WORK TO BE COMPLETED:
Ignoring every picture, return the lines of the listing below word for word, from the line that holds "Healvian 10 Stück" through the line that holds "HOMCOM Rhino Storage".

EXTRACTED ENTRIES:
★ ★ ★ ★ ★ ★ ★

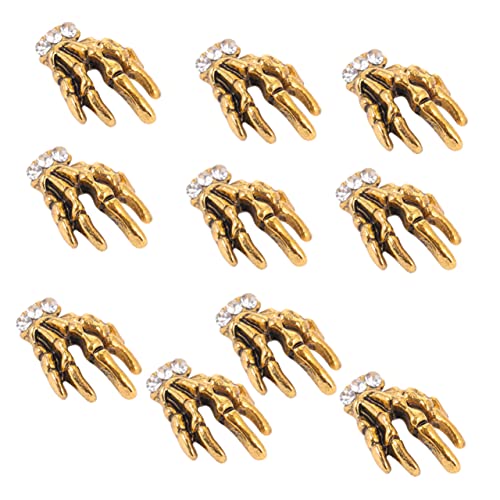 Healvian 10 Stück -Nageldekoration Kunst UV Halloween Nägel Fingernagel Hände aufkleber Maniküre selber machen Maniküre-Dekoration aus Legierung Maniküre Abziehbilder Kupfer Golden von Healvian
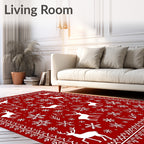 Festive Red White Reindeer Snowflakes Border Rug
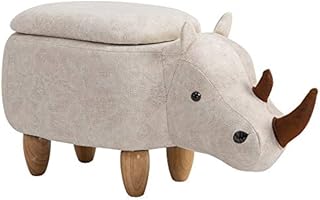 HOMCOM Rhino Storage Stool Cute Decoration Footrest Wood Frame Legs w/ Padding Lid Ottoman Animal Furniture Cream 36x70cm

★ ★ ★ ★ ★ ★ ★

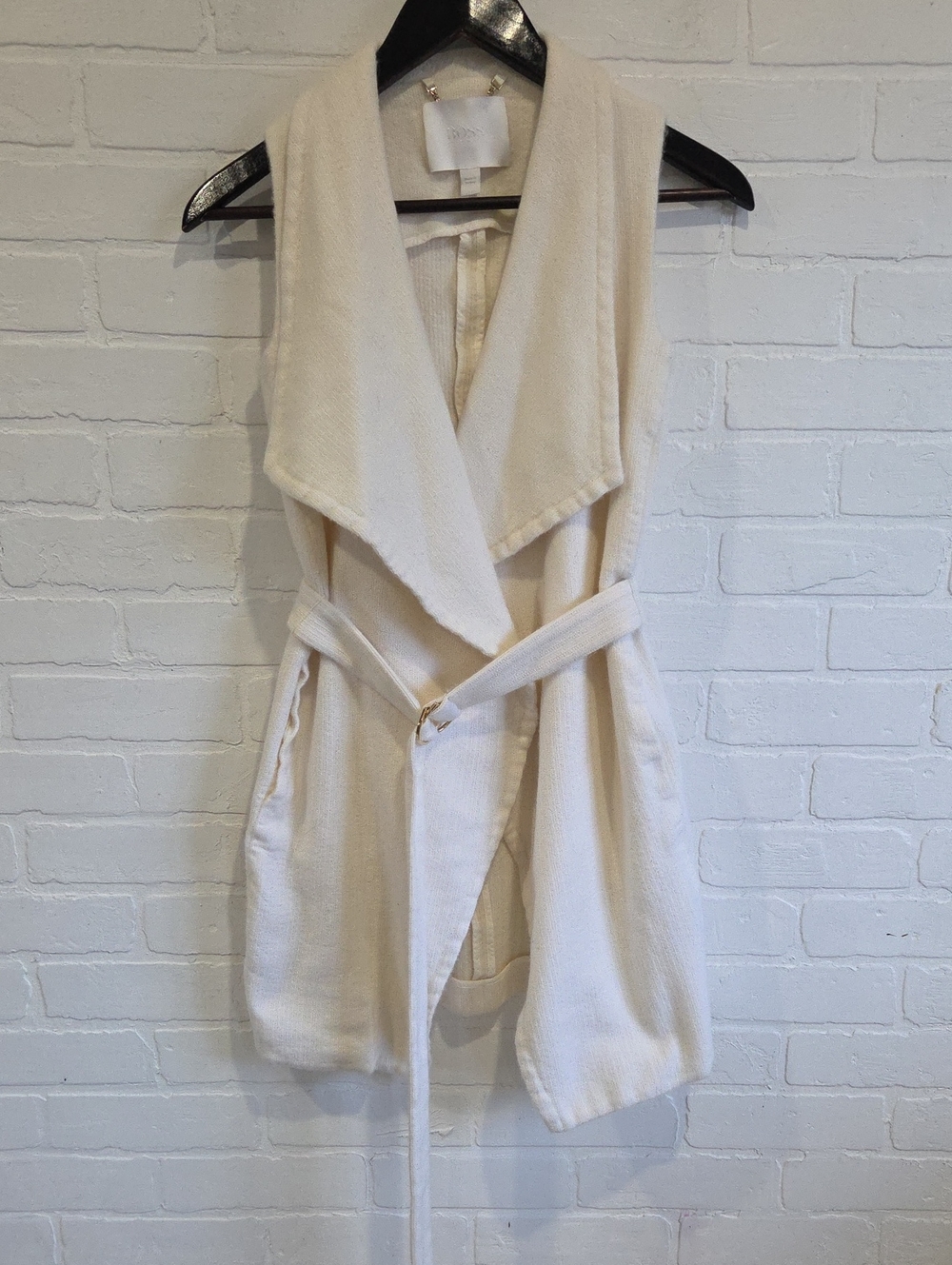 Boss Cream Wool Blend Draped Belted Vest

★ ★ ★ ★ ★ ★ ★

SOLVED EXERCISE:
 Healvian 10 Stück -Nageldekoration Kunst UV Halloween Nägel Fingernagel Hände aufkleber Maniküre selber machen Maniküre-Dekoration aus Legierung Maniküre Abziehbilder Kupfer Golden von Healvian
 Festive Red White Reindeer Snowflakes Border Rug
 HOMCOM Rhino Storage Stool Cute Decoration Footrest Wood Frame Legs w/ Padding Lid Ottoman Animal Furniture Cream 36x70cm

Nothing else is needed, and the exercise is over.